Tour de France chiefs on Sunday unveiled the route for the 2021 edition, featuring two ascents of the iconic Mont Ventoux on the same day and a decisive penultimate day time trial through the Bordeaux vineyards.
The June 26 to July 18 three-week race starts with four days in Brittany, eventually culminating with a sprint along Paris’s famed Champs-Elysees.
In between, the race will sweep through the Loire Valley and into the Alps, continue to the south coast and Provence as a precursor to some epic climbing in the Pyrenees.
Then comes the showdown in the Bordeaux wine region before the formalities of Paris where Tadej Pogacar celebrated a shock triumph this year. 
Traditionally unveiled in front of 4,000 people at a glittering ceremony, with most of the top cyclists and the mayors of the towns along the route, Covid-19 once again caused a rethink. 
The unveiling event was a live TV reveal instead with race director Christian Prudhomme the master of ceremonies.
The route is a departure from the last two editions which featured little individual time-trialling.
Next year will have two of them, while old style long mountain ascents are back on the menu after the last two Tours featured many more shorter climbs.
Any rider with ambitions of winning the 2021 Tour will need to excel at time-trialling with a whopping 58km on the agenda.
They will also have to be able to survive the lung-busting long climbs.
Known as ‘the Giant of Provence’, Mont Ventoux, with its lunar landscape upper reaches, will have to be climbed twice on the same day, while the ski resort Tignes is also featured.
“It’s all there for the climbers too,” Prudhomme suggested, while France’s two top climb specialists were more wary.
“I’ll be there,” said Romain Bardet who described the route as traditional.
“But it doesn’t suit my preference for racking up big, tiring mountains,” he said.
“There’s less there than usual for the climbers but it’s an interesting course anyway,” said France’s popular contender Thibaut Pinot.
“We had to be pragmatic,” Prudhomme said of the return to old style tours.
“It’s hard to draw conclusions from last season even with the astonishing performances of some younger riders,” he said in reference to the then 21-year-old Pogacar winning this year and 25-year-old Tao Geoghegan Hart claiming the Giro d’Italia.

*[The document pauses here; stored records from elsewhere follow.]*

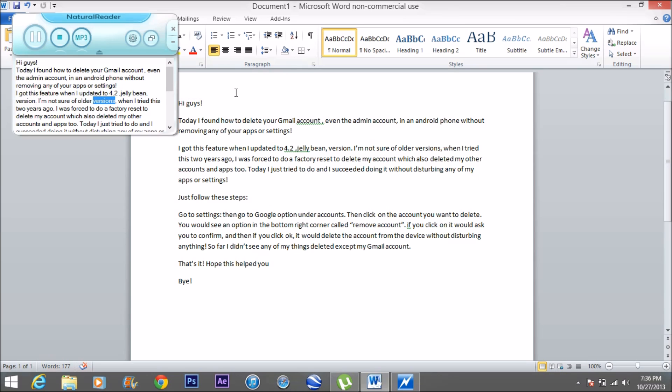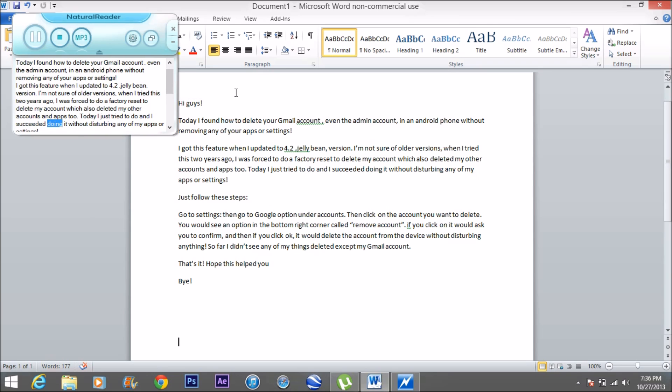When I tried this two years ago, I was forced to do a factory reset to delete my account, which also deleted my other accounts and apps too. Today I just tried to do it and succeeded without disturbing any of my apps or settings.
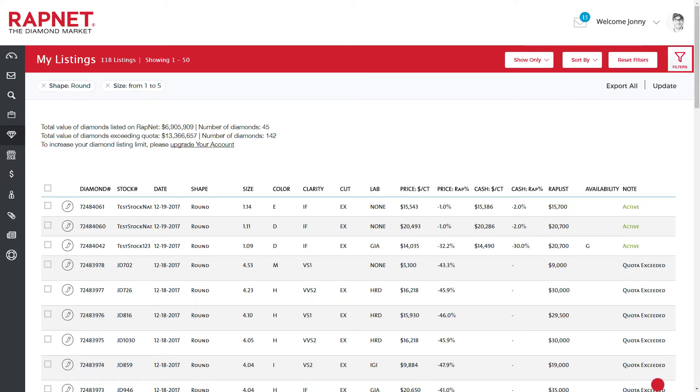To clear your filters and view the full list again, click Reset Filters.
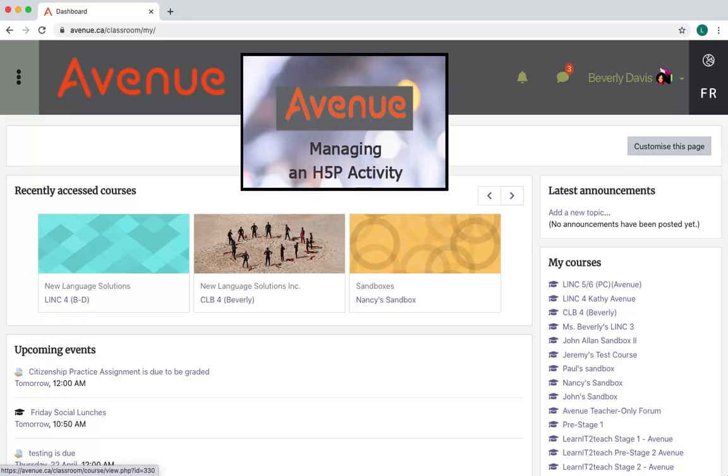Managing an H5P activity. There are two ways to manage an H5P activity when you no longer want to use it.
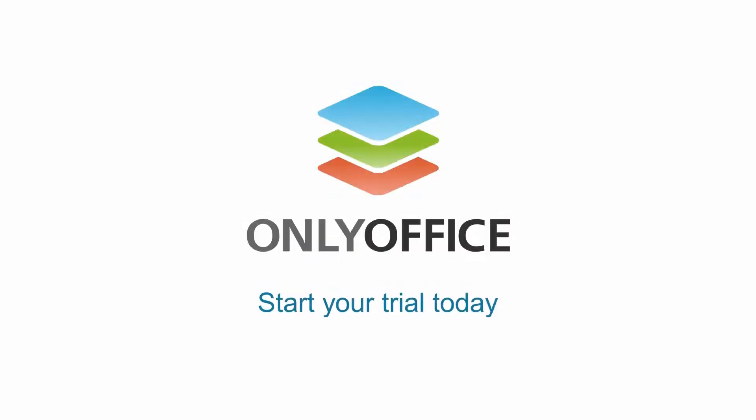Explore communication and other collaborative tools in ONLYOFFICE editors for free. Start your trial today.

One aspect retained from the last two years is that the action is loaded to explode early, on stage two’s finish up the short steep climb called the Mur de Bretagne.
It’s where a rider such as French world champion Julian Alaphilippe has a perfect chance to grab the overall leader’s yellow jersey for a third year in a row.
“So we have tried to vary the thing to the maximum, there’s no dogma, but we went for maximum change, taking into account the switch from Copenhagen and all the coronavirus effects,” said Prudhomme, who sat out a week of the 2020 edition after testing positive for coronavirus.
The Tour starts a week early to avoid clashing with the Tokyo Olympics and had to hastily reorganise the start after the originally scheduled Copenhagen Grand Depart was cancelled to accommodate football’s European Championship.
“We needed a new Grand Depart and to make it a week earlier,” Prudhomme said of preparations he described as a race against the clock.
Of the June 26 start in Brest, course designer Thierry Gouvenou said getting permission to race had been tense. 
In 2020, opposition to the Tour de France was voiced by Green Party mayors in Lyon and Rennes.
“There were (municipal) elections too and we had you wait, it was quite tense, we plotted a third of the course before the delayed 2020 race and then the rest afterwards.”